- The CEO of a pizza chain discussed the persistent staffing issues that some businesses have faced.
- Michael Lastoria told Insider that a “shortage of imagination” is the real problem.
- “To frame it as a labor shortage ignores the realities of our industry,” he said.
The owner of a pizza chain said he’s not concerned about the ongoing labor shortage in the US.
Michael Lastoria, CEO of &pizza, a restaurant chain in Washington, DC, told Insider that a “shortage of imagination” is the real problem facing the US.
“The shortage of imagination is the inability to diagnose and cure the root cause of this so-called labor shortage,” Lastoria said.
He added: “To frame it as a labor shortage ignores the realities of our industry.”
According to Lastoria, the pandemic highlighted issues about the restaurant industry, in particular, which have remained unsolved for decades. These problems include low wages, lack of benefits, dangerous working conditions and the cyclical nature of firing and re-hiring staff when convenient for employers, he said.
“These are not new problems but we need new solutions because the status quo is not working,” Lastoria said. He added that business owners who don’t wise up to the fact that workers simply require higher salaries will be left behind.
“We’re seeing that play out now,” Lastoria said.

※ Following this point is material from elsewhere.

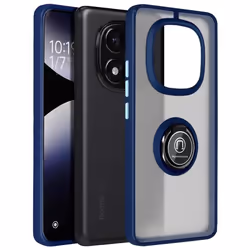 Coque Antichoc - Xiaomi - Redmi Note 14 Pro 5G/4G - Bague de maintien - Dos transparent - Finition métallique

Earlier in January, a 40-year-old millennial told Insider she quit her job of five years as a technical services librarian because of its toxic environment, limited advancement opportunities, and poor policies for working parents.

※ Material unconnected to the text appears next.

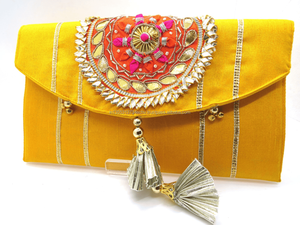 Indian Traditional <b>Fabric</b> Shagun Gotta <b>Wallet</b> Envelopes Haldi Mehndi Wedding Favor Gift Housewarming Party New Year Diwali - Product Image 4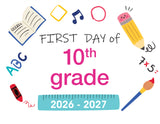 2026-2027 First Day of School Signs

But the biggest factor that led to her quitting was not being allowed to work remotely. “I chose to be happy,” she said.
At &pizza, however, there is almost no sign of a labor shortage, according to Lastoria. People are eager to work at the chain, “because of the culture and basic respect for their humanity,” the CEO said.

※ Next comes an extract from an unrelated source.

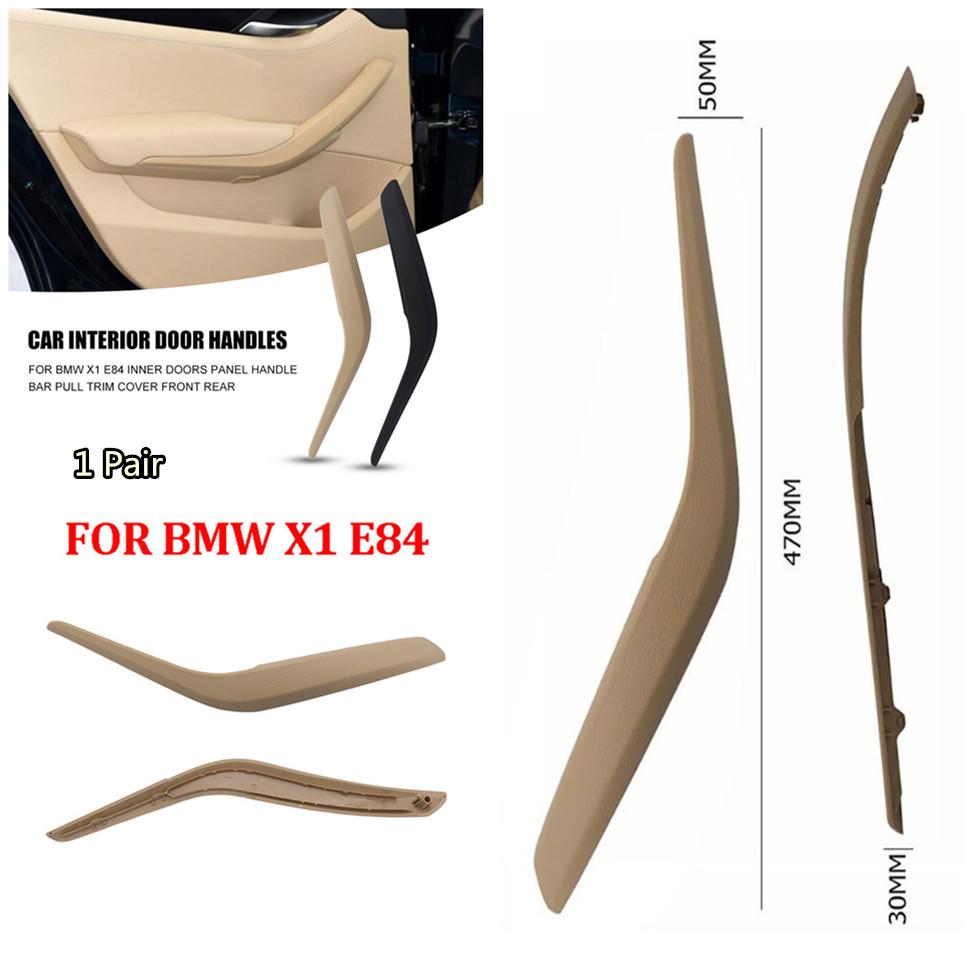 Left+Right Beige Car Interior Door Handles for BMW X1 E84 10-16 Inner Doors Panel Handle Bar Pull Trim Cover Front Rear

Last year, the company opened 18 new locations and plans to open 35 more this year.
“Something that is really key for business owners to understand is that in order to truly invest in what it means to be a good employer you have to involve your workers in the conversation in a meaningful way,” Lastoria said.
“You have to understand what it feels like to be onboarded, what it feels like to be trained and to work a busy shift. If you’re not on the floor, then you aren’t equipped to know what the hourly workforce needs, he added.
In the current climate of the US economy, employers are learning that they’ve lost leverage. If they aren’t rethinking their business’ relationship to labor, then they will find themselves without people willing to work for them, according to Lastoria.
This is an “inflection point in the industry,” where it no longer matters if they think it’s the right thing to do, he said. “They must pay fair wages,” he added.
And now, the movement towards better pay and working conditions has amplified so much that owners cannot ignore it. “You can’t put this conversation back in the bottle,” Lastoria said. It’s a large group of people speaking outwards and getting support back, he added.
These discussions are bearing fruit with corporations like Apple and McDonald’s, which have offered better wages and benefits to tackle staffing problems.
Lastoria has previously spoken out about persistent pay issues in the restaurant industry. In an interview with Insider last year, he discussed his determination to pay a decent wage.
He stressed that by ensuring workers are paid a proper living wage and treated with dignity and empathy, it’s perfectly possible to put an end to the chaos and disruption surrounding the US labor market.